# Data shown
Start of Block

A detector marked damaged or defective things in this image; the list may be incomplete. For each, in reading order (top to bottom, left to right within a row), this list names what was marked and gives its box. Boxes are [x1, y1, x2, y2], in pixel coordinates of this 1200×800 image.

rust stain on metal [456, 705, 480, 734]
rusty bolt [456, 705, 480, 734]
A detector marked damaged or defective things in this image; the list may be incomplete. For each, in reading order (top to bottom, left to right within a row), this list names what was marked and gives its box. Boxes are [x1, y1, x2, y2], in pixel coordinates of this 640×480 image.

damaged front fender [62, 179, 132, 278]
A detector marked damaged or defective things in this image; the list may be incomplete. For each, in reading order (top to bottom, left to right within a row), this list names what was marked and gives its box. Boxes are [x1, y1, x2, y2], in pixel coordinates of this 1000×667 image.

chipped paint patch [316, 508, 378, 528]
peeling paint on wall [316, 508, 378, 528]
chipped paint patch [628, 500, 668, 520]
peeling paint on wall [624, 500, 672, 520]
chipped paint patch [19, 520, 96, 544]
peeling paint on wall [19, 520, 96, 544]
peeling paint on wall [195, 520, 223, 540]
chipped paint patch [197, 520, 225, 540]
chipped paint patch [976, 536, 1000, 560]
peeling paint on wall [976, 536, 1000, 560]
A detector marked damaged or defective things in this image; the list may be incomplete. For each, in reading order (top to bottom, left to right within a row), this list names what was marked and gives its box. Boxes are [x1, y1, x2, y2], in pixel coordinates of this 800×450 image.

End of Block
Start of Block

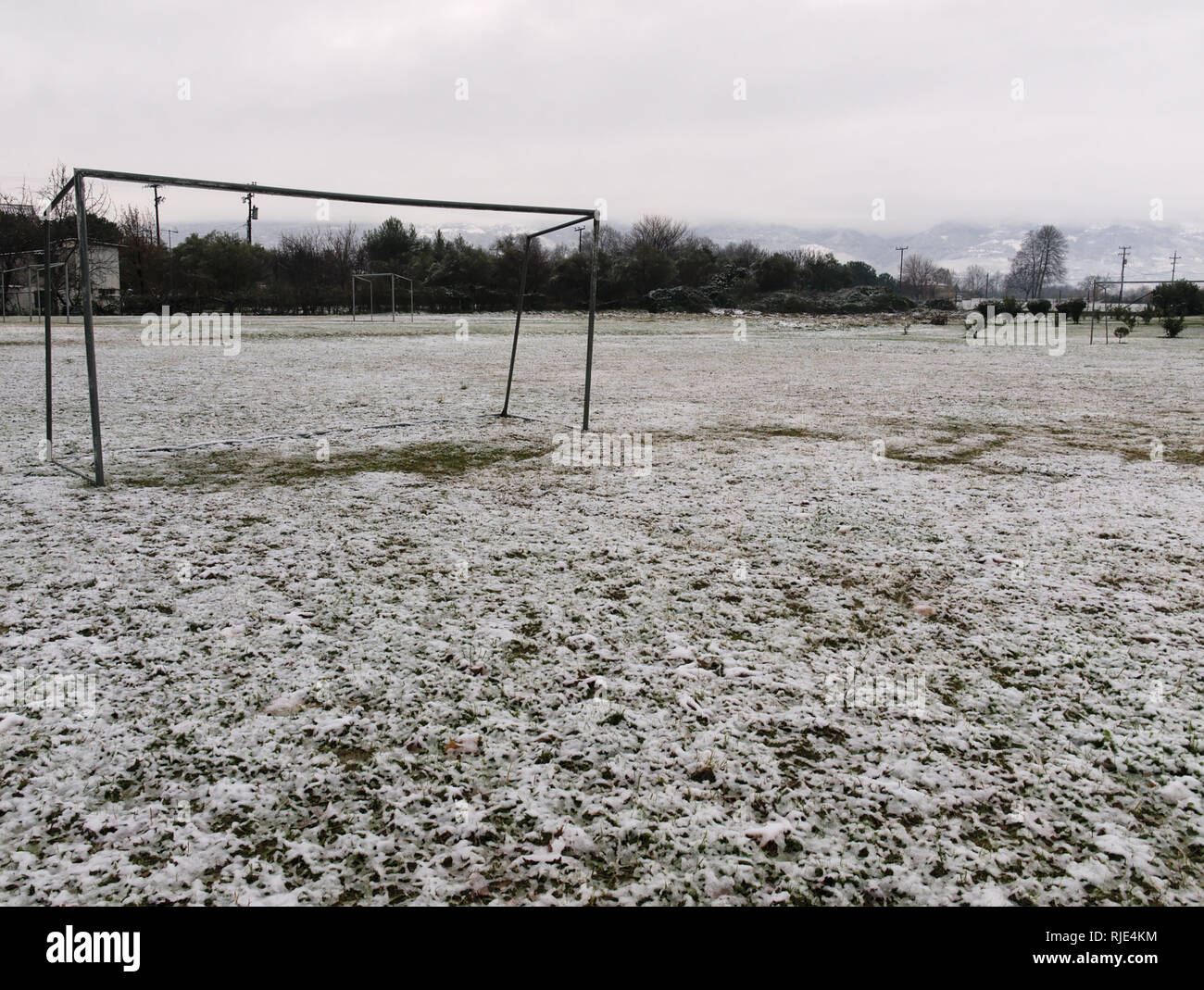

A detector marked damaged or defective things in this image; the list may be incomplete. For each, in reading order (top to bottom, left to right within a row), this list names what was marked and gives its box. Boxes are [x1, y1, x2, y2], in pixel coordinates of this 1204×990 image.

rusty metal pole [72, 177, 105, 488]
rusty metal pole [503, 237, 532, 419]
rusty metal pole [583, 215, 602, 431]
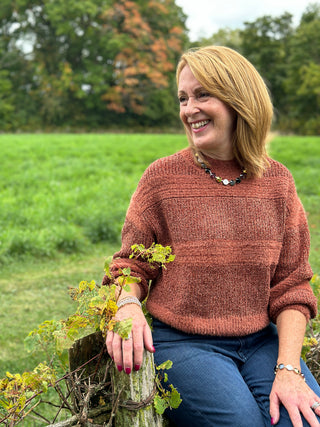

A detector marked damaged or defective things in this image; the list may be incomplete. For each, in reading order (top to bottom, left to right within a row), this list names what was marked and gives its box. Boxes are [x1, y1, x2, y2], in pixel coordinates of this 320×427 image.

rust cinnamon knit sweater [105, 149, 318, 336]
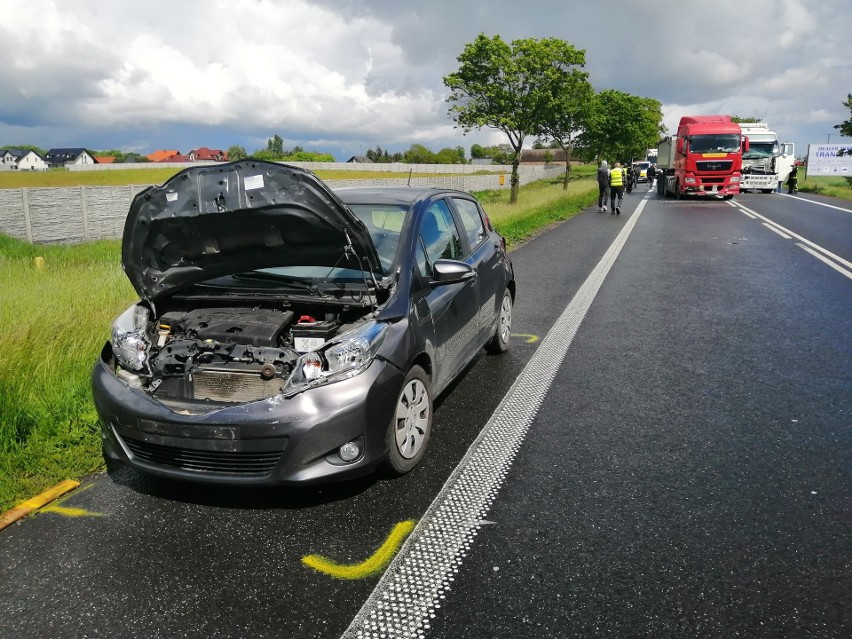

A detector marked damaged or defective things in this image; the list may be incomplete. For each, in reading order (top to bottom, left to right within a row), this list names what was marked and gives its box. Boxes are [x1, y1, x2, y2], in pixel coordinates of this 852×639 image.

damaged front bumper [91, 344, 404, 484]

End of Block

# Instructions for the task
Above are the records; repeat exactly the lines from the one holding "this 1000×667 image." down to the one holding "this 800×450 image.", end lines included.

# Answer box
A detector marked damaged or defective things in this image; the list may be incomplete. For each, in reading order (top to bottom, left to right within a row), this list names what was marked and gives its box. Boxes are [x1, y1, x2, y2], in pixel coordinates of this 1000×667 image.

chipped paint patch [316, 508, 378, 528]
peeling paint on wall [316, 508, 378, 528]
chipped paint patch [628, 500, 668, 520]
peeling paint on wall [624, 500, 672, 520]
chipped paint patch [19, 520, 96, 544]
peeling paint on wall [19, 520, 96, 544]
peeling paint on wall [195, 520, 223, 540]
chipped paint patch [197, 520, 225, 540]
chipped paint patch [976, 536, 1000, 560]
peeling paint on wall [976, 536, 1000, 560]
A detector marked damaged or defective things in this image; the list may be incomplete. For each, in reading order (top to bottom, left to right within a row), this list names what was marked and gives its box. Boxes are [x1, y1, x2, y2], in pixel coordinates of this 800×450 image.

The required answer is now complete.